There's a reason that classic literature is taught to us in school decades after it was written. The Classics are full of profound and powerful sentences.
These novels are goldmines for beautiful wording and truth bombs that you might not expect. Hopefully, these quotes will make you want to actually read the books you sparknoted in class.
1. “You never really understand a person until you consider things from his point of view... Until you climb inside of his skin and walk around in it.”
To Kill A Mockingbird | Harper Lee
2. "I know not all that may be coming, but be it what it will, I'll go to it laughing."
Moby Dick | Herman Melville
3. “The voices blend and fuse in clouded silence: silence that is infinite of space: and swiftly, silently the sound is wafted over regions of cycles of cycles of generations that have lived.”
Ulysses | James Joyce
4. “It’s much better to do good in a way that no one knows anything about.”
Anna Karenina | Leo Tolstoy
5. “Maybe ever’body in the whole damn world is scared of each other.”
Of Mice and Men | John Steinbeck
6. "Life appears to me too short to be spent in nursing animosity or registering wrongs.”
Jane Eyre | Charlotte Brontë
7. “Difference in opinions has cost many millions of lives: for instance, whether flesh be bread, or bread be flesh; whether the juice of a certain berry be blood or wine.”
Gulliver’s Travels | Jonathan Swift
8. “The truth may be stretched thin, but it never breaks, and it always surfaces above lies, as oil floats on water.”
Don Quixote | Miguel de Cervantes Saavedra
9. “The loneliest moment in someone’s life is when they are watching their whole world fall apart, and all they can do is stare blankly.”
The Great Gatsby | F. Scott Fitzgerald
10. “That is just the way with some people.
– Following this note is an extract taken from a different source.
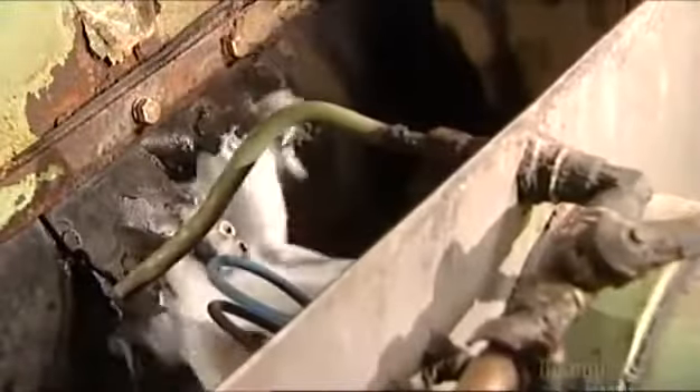Water flows continuously through the grinder, again to keep the steel cool. The robot keeps everything moving, putting a paring blade through the grinder every 12 seconds.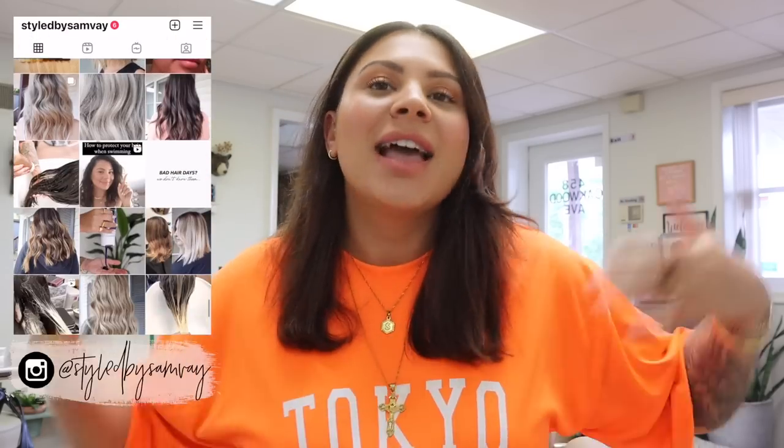Hey guys, welcome back to my channel, or welcome if you're new. My name is Sam, I am a licensed hairstylist, and in today's video I am going to be reviewing the Dyson Corral flat iron — is it actually worth the hype, is it worth the high price tag, what is my opinion as a professional?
They get down on a thing when they don’t know nothing about it.”
The Adventures of Huckleberry Finn | Mark Twain
11. “And the little screaming fact that sounds through all history: repression works only to strengthen and knit the repressed.”
The Grapes of Wrath | John Steinbeck
12. “If you look the right way, you can see that the whole world is a garden.”
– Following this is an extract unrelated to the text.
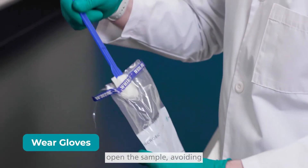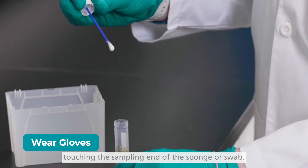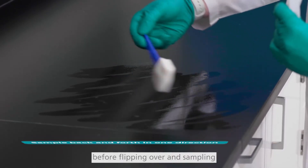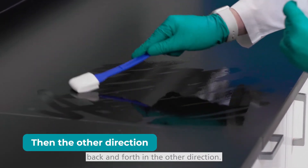While wearing gloves, steadily open the sample, avoiding touching the sampling end of the sponge or swab. Take the sponge or swab and sample back and forth in one direction before flipping over and sampling back and forth in the other direction.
The Secret Garden | Frances Hodgson Burnett
13. “There is no greater agony than bearing an untold story inside you.”
I Know Why the Caged Bird Sings | Maya Angelou
>14. “I am not afraid of storms, for I am learning how to sail my ship.”
Little Women | Louisa May Alcott
15. “[A]nything worth dying for… is certainly worth living for.”
Catch-22 | Joseph Heller
16. “We need never be ashamed of our tears.”
Great Expectations | Charles Dickens
17. “Terror made me cruel.”
Wuthering Heights | Emily Brontë
18. "Nothing is so painful to the human mind as a great and sudden change."
Frankenstein | Mary Shelley
19. "We cast a shadow on something wherever we stand, and it is no good moving from place to place to save things; because the shadow always follows. Choose a place where you won't do harm - yes, choose a place where you won't do very much harm, and stand in it for all you are worth, facing the sunshine."
A Room With a View | E.M. Forster
20. “The more I see of the world, the more am I dissatisfied with it.”
Pride and Prejudice | Jane Austen
21. “Some people are nobody's enemies but their own.”
Oliver Twist | Charles Dickens
22. “The mark of the immature man is that he wants to die nobly for a cause, while the mark of the mature man is that he wants to live humbly for one.”
The Catcher in the Rye | J.D. Salinger
23. “I don't think..." then you shouldn't talk, said the Hatter.”
Alice in Wonderland | Lewis Caroll
24. "No man, for any considerable period, can wear one face to himself and another to the multitude, without finally getting bewildered as to which may be the true."